Issue Review: Miss Fury 5

In 1942, Captain Chandler's plane explodes on a bombing run in the South Pacific.  In Manhattan of the near future, the time traveling Nazi air force is bombing the city.  Miss Fury listens as Schauberger explains what has been going on.  Harmon is really Hermann, a Nazi spy, who was a rival of Schauberger's.  When Hermann killed Schauburger, and then Miss Fury fell through the skylight into the time machine, their paths through time were linked.  He hands her a strange ball and tells her to travel through time and kill Hermann.  Schauberger tells Fury to shoot down the planes coming at them, but she refuses.  She's had enough killing, and enough of people controlling her.  Schauberger rages at her, telling her that Hermann rigged Chandler's plane to blow up, and Miss Fury then takes control of her time traveling and sends herself back to 1943.  There, she confronts Hermann, and says she won't kill again... after this. Then she shoots him, and destroys the crown and the time machine that started it all.  Finally she travels back to 1942, to the train platform, so she can see Chandler again. But he's not there.  And Schauberger, watching from the side, leers at her confusion and travels in time once more.

This is an excellent continuation (not quite a conclusion yet) of the first Miss Fury story arc.  The confusing elements finally get explained, and we learn what is really going on.  When Miss Fury fell through the skylight in issue 1 and entered the time machine, she was the first person to use it. She became, in Schauberger's words, the "original" time traveler.  This makes her special.  Later she is able to travel just by wishing it (using the magic word, "Switch").  Miss Fury goes back to the beginning, and kills the man who started everything -- Harmon/Hermann. Then she destroys the time machine so it can never be used.  This should put everything right with the world.

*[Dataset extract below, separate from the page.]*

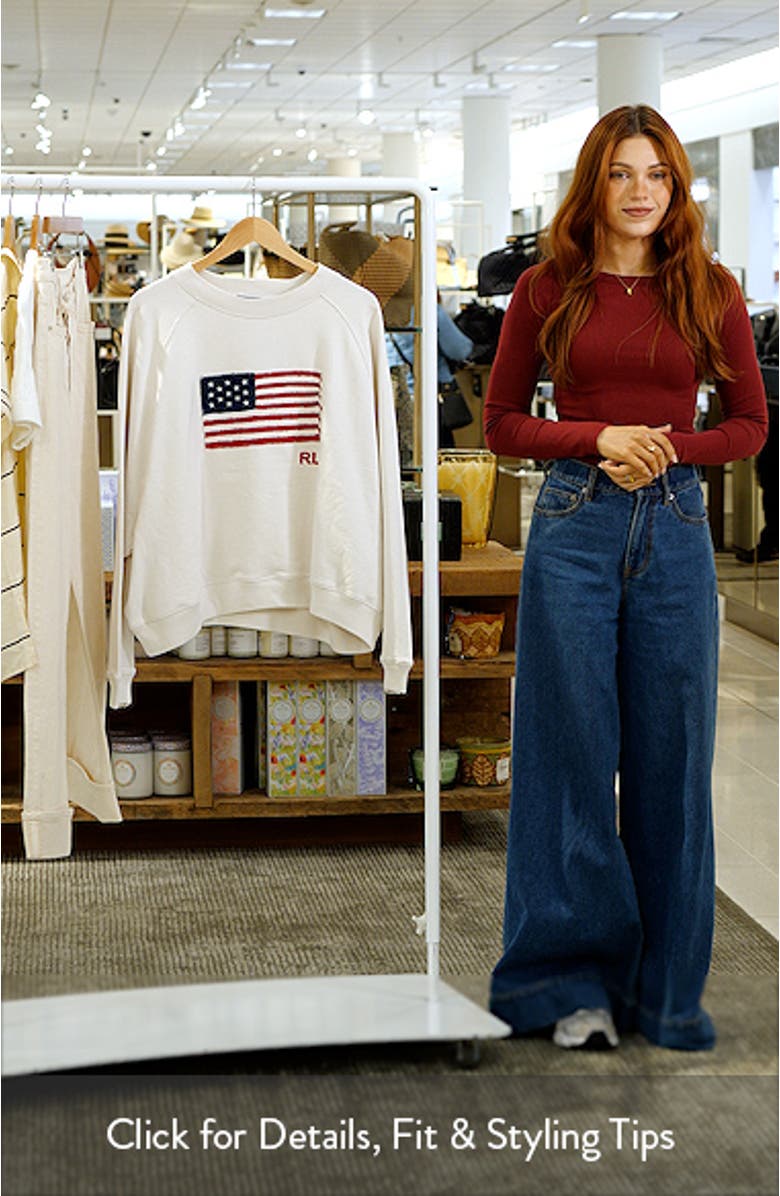 Logo Flag French Terry Crewneck Sweatshirt, sales video thumbnail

But, clearly it doesn't -- because when she uses the time-travel sphere that Schauberger gave her earlier, and goes back one more year to 1942, to the platform where she said good-bye to Chandler, he's not there (and neither is her old self, though she doesn't seem to notice that part). Additionally, Schauberger's dead soul is still time traveling (as is clear from his observation of her at in the last panel) -- that should not be possible, since he did not start time traveling until Miss Fury entered the machine that she has now destroyed.

Writer Rob Williams has done a fairly good job with the time travel and the paradoxes so far, but he still has some explaining to do in future issues.  We still don't know exactly what events have remained in the timeline, and what events Miss Fury's murder of Harmon erased.  Additionally, how Chandler could not be there in 1942, when Fury only changed events post-1943, is completely unclear at this point.  More explanation is clearly needed.

That said, Williams did a great job of wrapping up most of the loose ends from the earlier books, and he does an outstanding job of Miss Fury's characterization.  I don't really know anything about the prior incarnations of this character, but we see in this issue a good reason for what I assume will be a "code against killing" in future issues -- she has been forced to kill several times in this first arc, and she has had enough of it. She swears never to kill again.  We will have to see if she can stick to her vow.

Once again the art in this issue is excellent.  The action scenes, backgrounds, and special effects all look great. The evil grins on the faces of the two main Nazis - Hermann and Schauberger -- are priceless.  Nazis always make great villains but artist Jack Herbert really brings their malevolence to life in these pages. And as always, he draws a beautiful Marla/Miss Fury -- tough as nails, yet still vulnerable.

Overall this was a good issue, with a solid story and lovely art.  Of the first five issues, I have liked this the best so far.  I am definitely going to stick around for a while and see how this series develops.